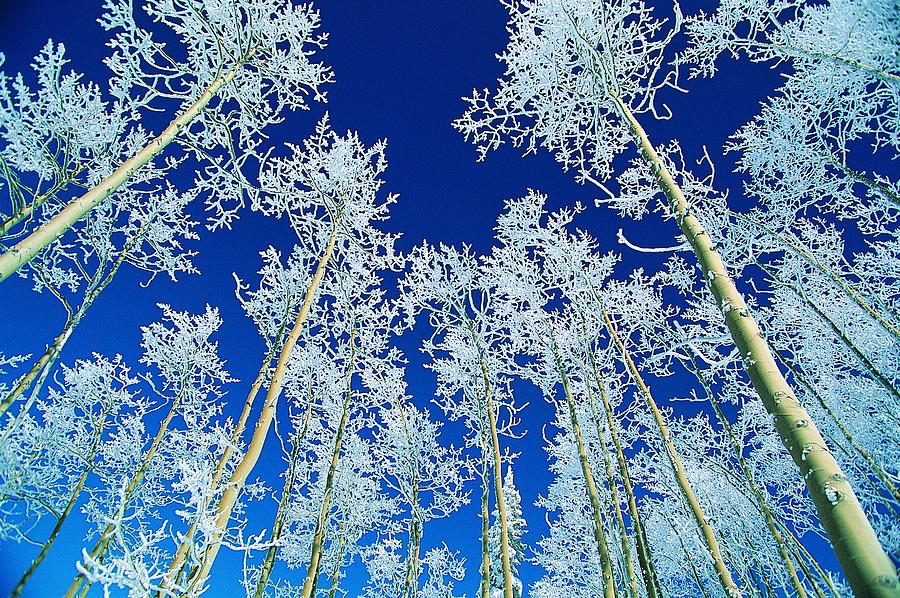 Aspen Trees, Steamboat, Colorado Photograph by Digital Vision.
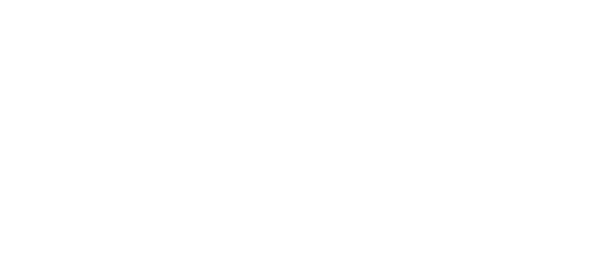 NTT Data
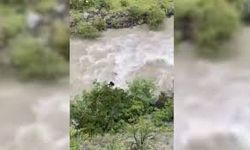Artvin'de bir araç Çoruh Nehrine düştü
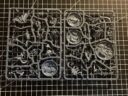 Brueckenkopf Online Warhammer Underworlds Deathgorge Unboxing 9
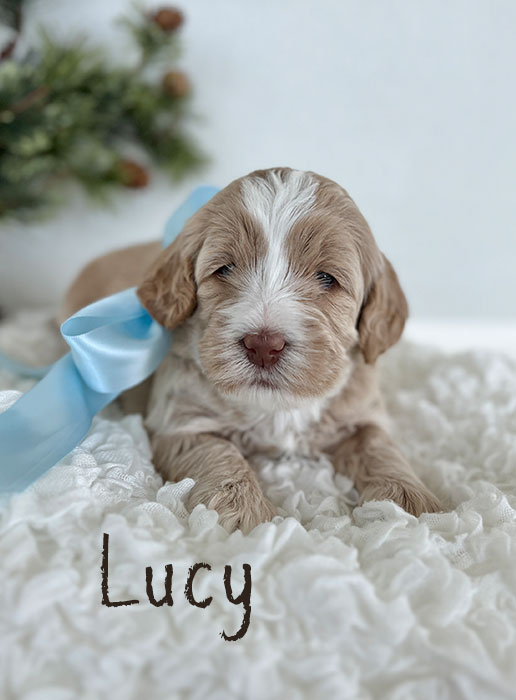 lucy from marlee and river week 3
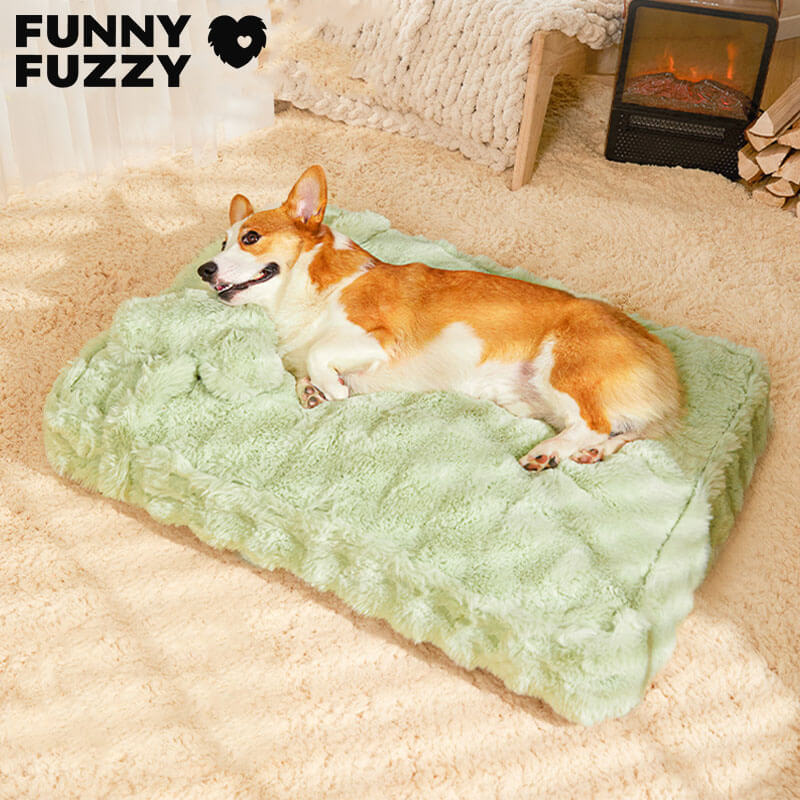 Soft Plush Dog Bed with Comfort Pillow - Halri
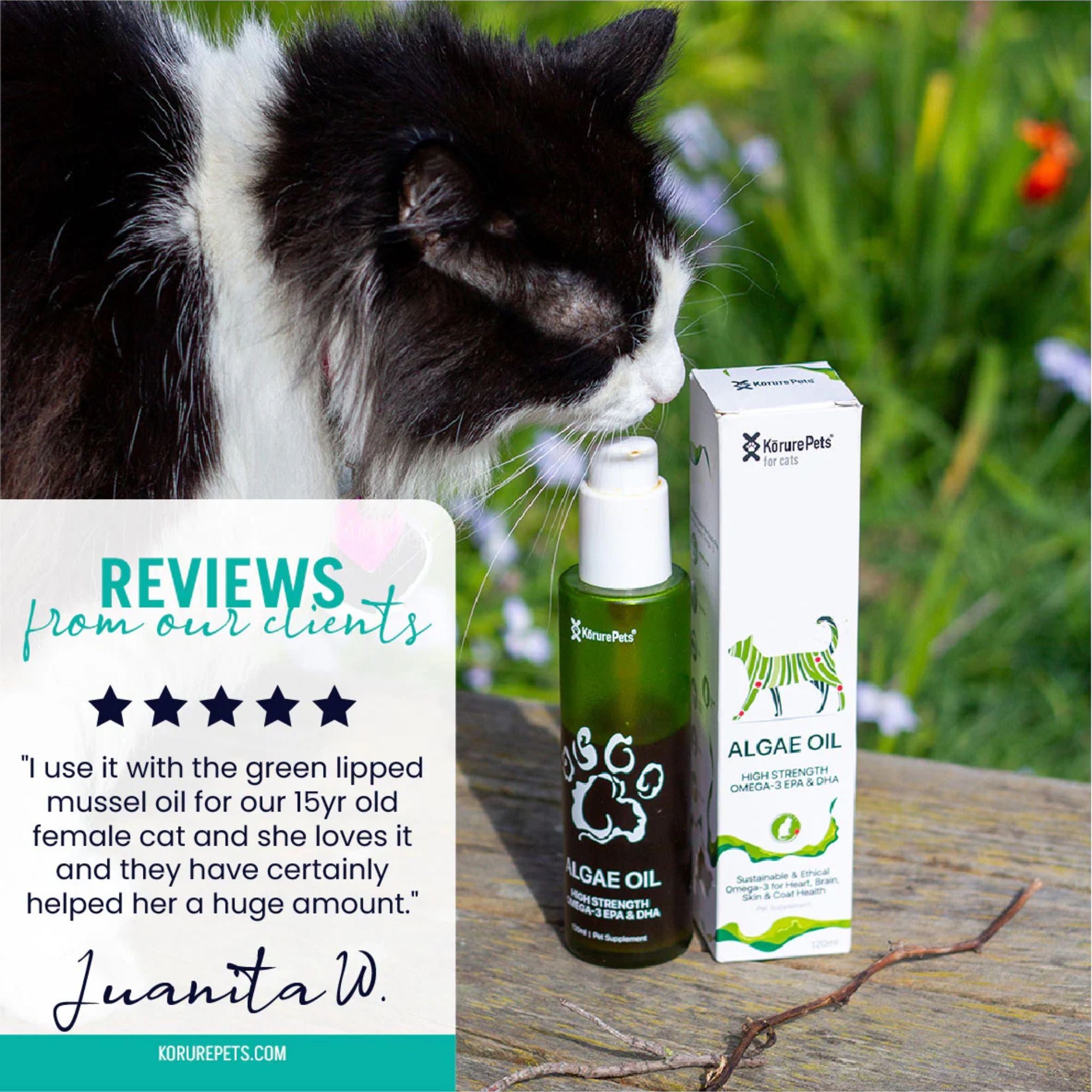 Korure Pets Algae Oil for Cats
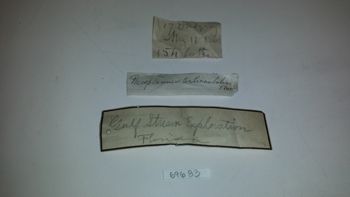 Media type: image; Invertebrate Zoology 69683   Description: specimen labels;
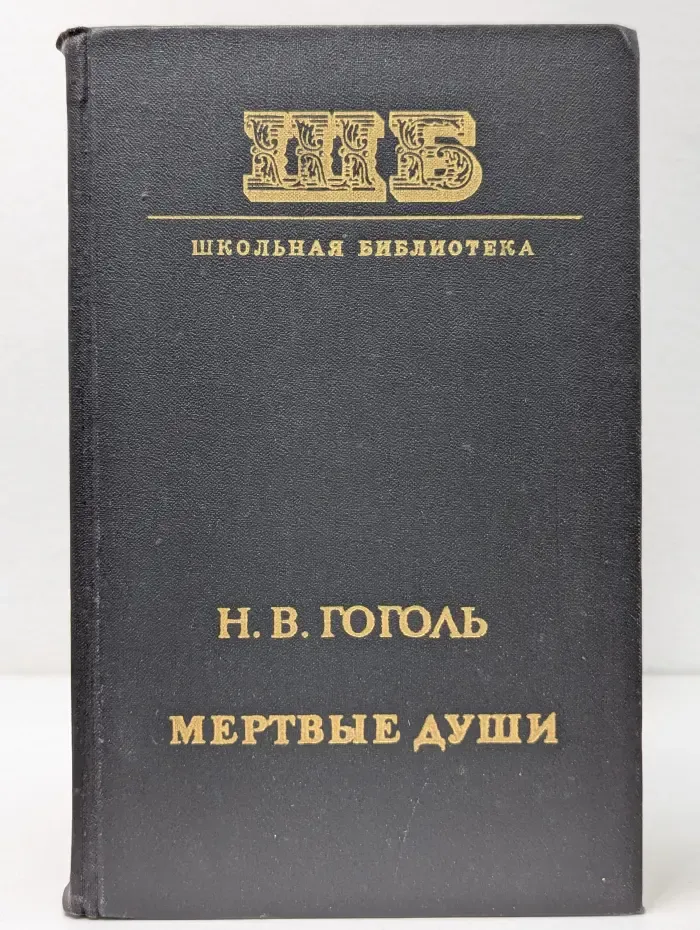 Школьная библиотека. Мертвые души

::::::::::

- _WHAT IS BEING ASKED_:
Repeat the data above in full and exactly. Omit every image.

- _EXERCISE ANSWER_:
 Aspen Trees, Steamboat, Colorado Photograph by Digital Vision.
 NTT Data
Artvin'de bir araç Çoruh Nehrine düştü
 Brueckenkopf Online Warhammer Underworlds Deathgorge Unboxing 9
 lucy from marlee and river week 3
 Soft Plush Dog Bed with Comfort Pillow - Halri
 Korure Pets Algae Oil for Cats
 Media type: image; Invertebrate Zoology 69683   Description: specimen labels;
 Школьная библиотека. Мертвые души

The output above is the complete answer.